As part of multiple projects Quinn Evans Architects has undertaken at the Science Museum of Virginia, the Dewey Gottwald Center is a new permanent large multipurpose space that can accommodate civic and private events, special large-scale traveling exhibits and educational programs. The project also includes a complementary exterior terrace that can be used in conjunction with the event space or for stand alone events.
The Science Museum of Virginia is located at the classic 1919 Union (Broad Street) Station designed by John Russell Pope. The addition is on axis with the Beaux Arts train station and addresses Leigh Street to provide a secondary event entry to the museum campus. The Dewey Gottwald Center’s design evolved from a thoughtful consideration of the historic context of the forms and order of the Broad Street Station and its site. The prominent roof form is a complementary yet contrasting response to the Station’s dome: whereas the dome encloses, gathers and centers people in its space, the reverse curvature of the Event Center’s roof is about gathering people yet opening them up to the wider context of the site and its outdoor spaces and features.
The Owner’s original brief for the project requested a building whose form would be evidently derived from and illustrative of math and science. We extended this thinking to consider the platonic forms used by Pope in the Station, and sought to employ similar kinds of geometries, transformed, to generate the form of the building. At its most basic level, the building is formed by the intersection of a simple cubic volume and a slice of 600-foot diameter cylinder!
The perimeter of the roof is elevated above glass curtain walls and clerestories that daylight the space and lend more lightness to the roof form. Interior ceiling and acoustical treatments parallel the angle of the roof trusses and model the curve of the roof on the interior. Open ceilings permit the high level of flexibility required in accommodating a variety of educational, commercial, social and cultural events as well as international-caliber traveling exhibits.

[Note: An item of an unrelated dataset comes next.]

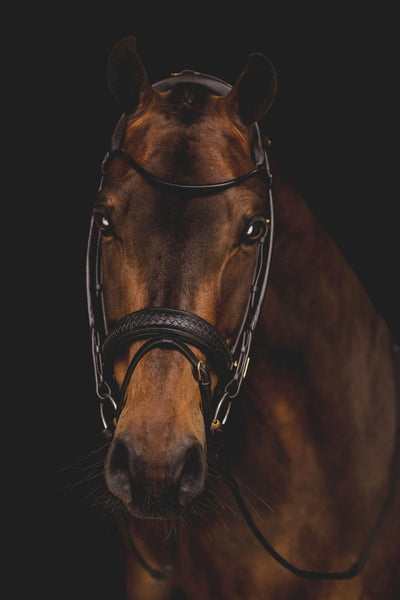 Olympic Bridle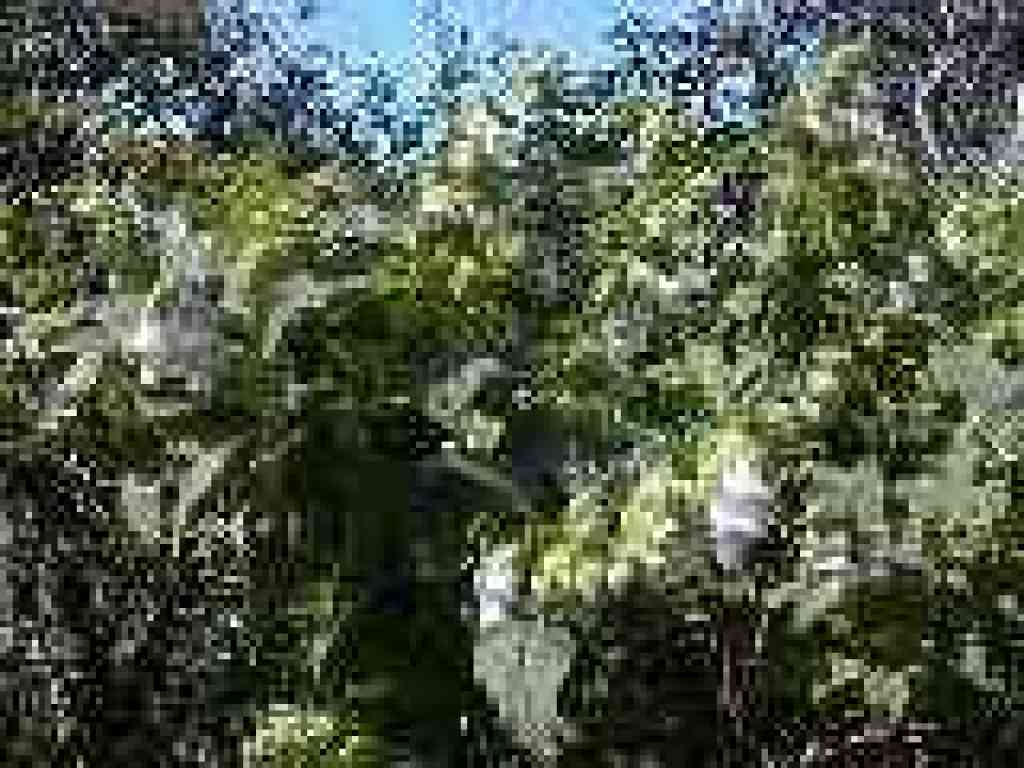 Pitcher sage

Operable panel partitions permit a variety of configurations for large and small events. The western elevation opens up to the terrace and the Museum’s open site, platforms and railway rolling stock and other artifacts. A lower volume on the north and east merges with the site berms and houses restrooms and storage, mechanical spaces and the catering and service areas. The front of the building establishes a new entry on Leigh Street appropriate to serving the events and expressive of the Museum’s 21st Century face.
The project was designed in partnership with Pfeiffer Partners Architects.